* **WORK INSTRUCTION**
What the answer must contain is every line of the records, exactly, with no pictures.

* **DATA FOR PROCESSING**
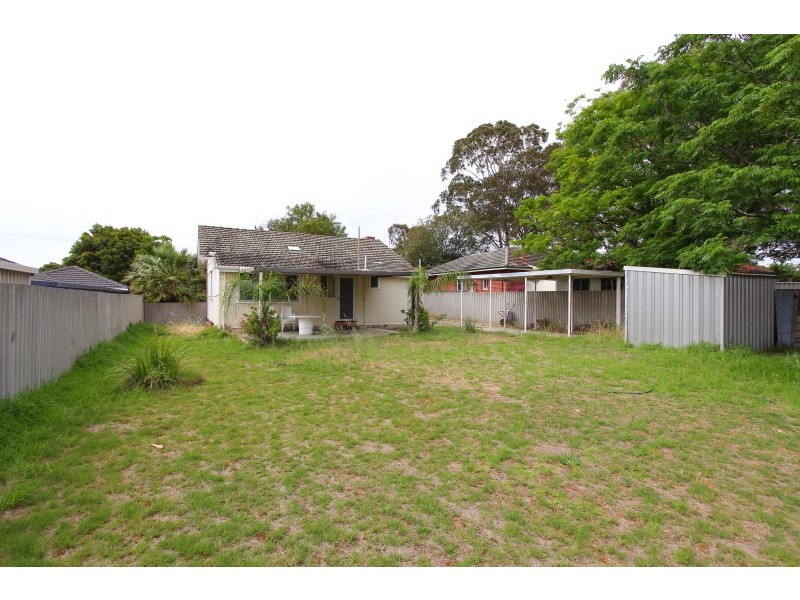 7 Stainer St, Willagee WA 6156
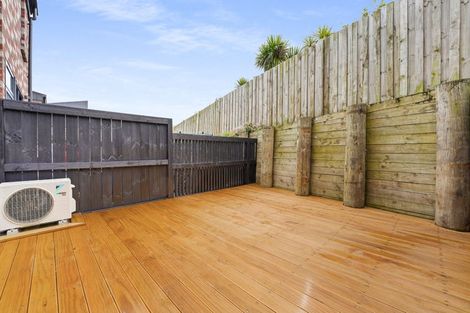 Photo of property in 10 Rara Lane, Manukau, Auckland, 2104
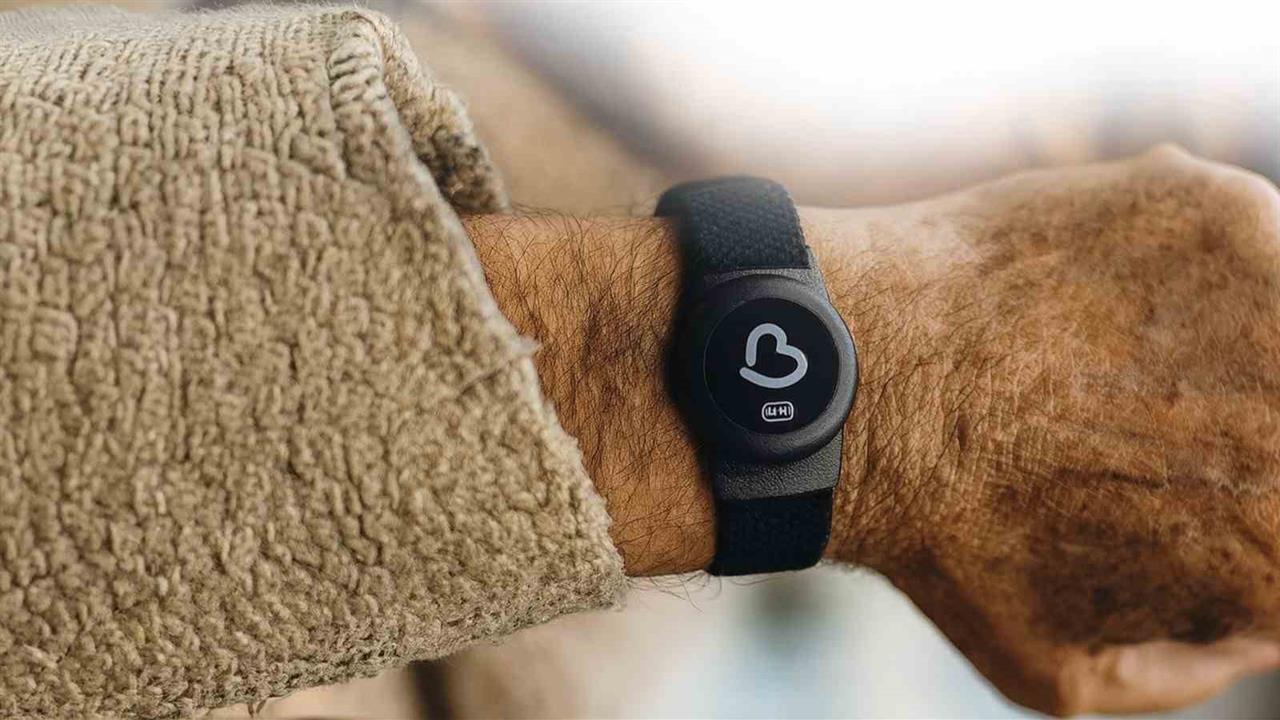 Balıkesir Büyükşehir Belediyesi, Alzheimer ve Demans hastalarına Akıllı Takip Cihazı desteği sunuyor.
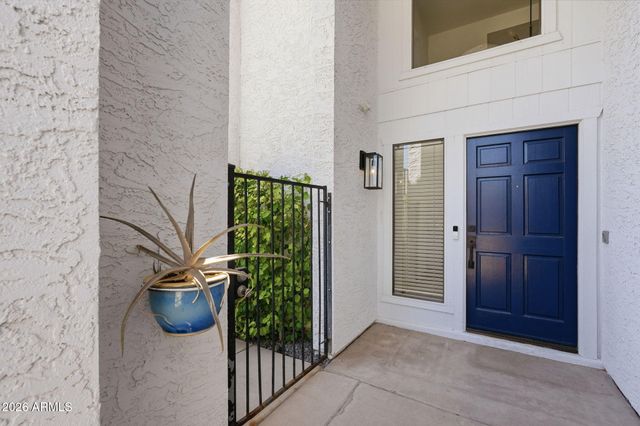 2137 S CATARINA Circle, Mesa, AZ 85202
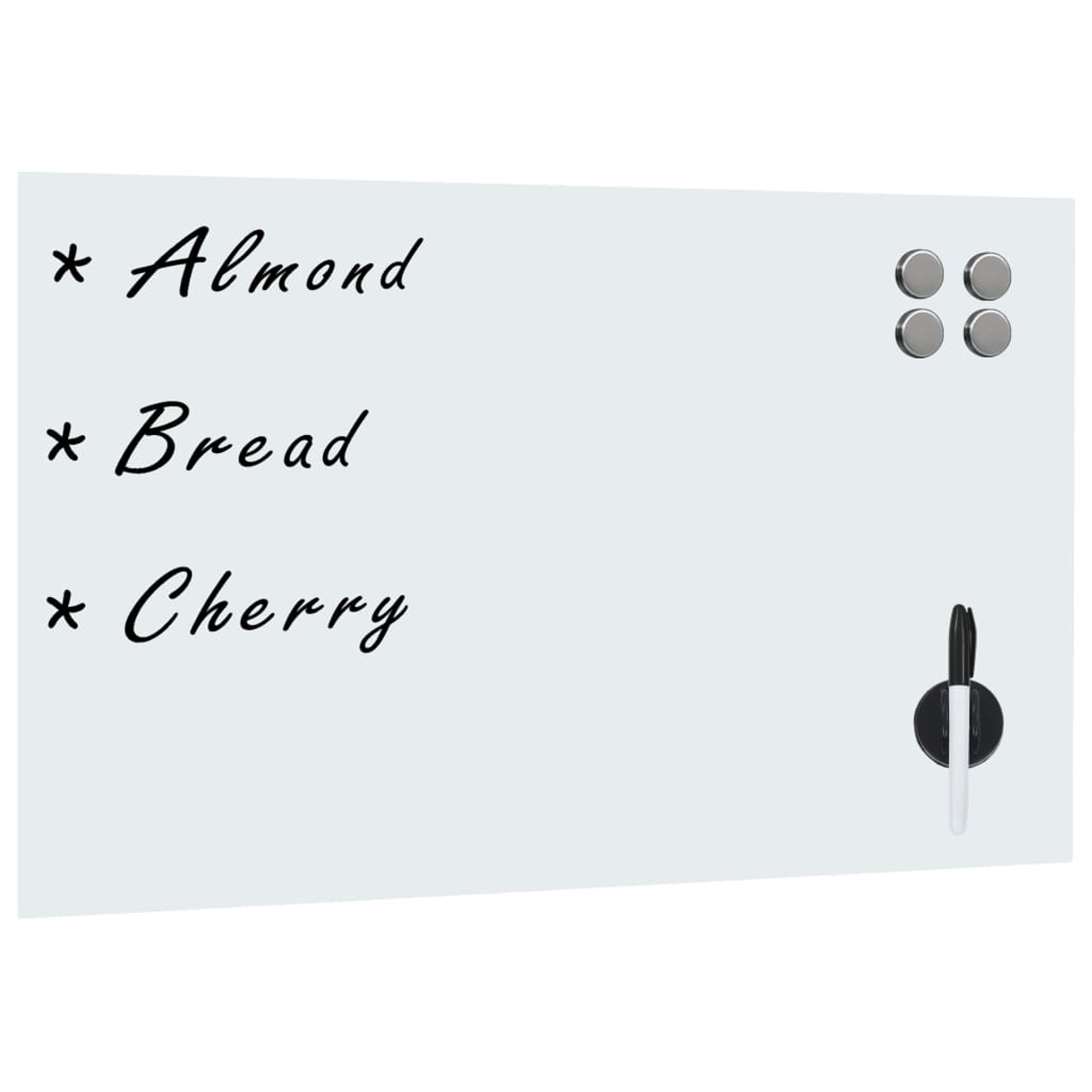 Weißes Whiteboard mit Text: Mandel, Brot, Kirsche. Vier Magnete und ein schwarzer Marker sind auf der Tafel.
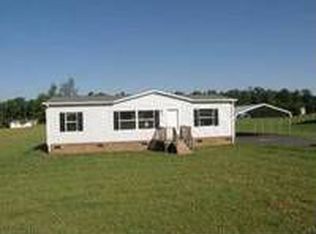 2300 Arrowood Dr, Hickory, NC 28601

* **SOLUTION FOR THIS TASK**
 7 Stainer St, Willagee WA 6156
 Photo of property in 10 Rara Lane, Manukau, Auckland, 2104
 Balıkesir Büyükşehir Belediyesi, Alzheimer ve Demans hastalarına Akıllı Takip Cihazı desteği sunuyor.
 2137 S CATARINA Circle, Mesa, AZ 85202
 Weißes Whiteboard mit Text: Mandel, Brot, Kirsche. Vier Magnete und ein schwarzer Marker sind auf der Tafel.
 2300 Arrowood Dr, Hickory, NC 28601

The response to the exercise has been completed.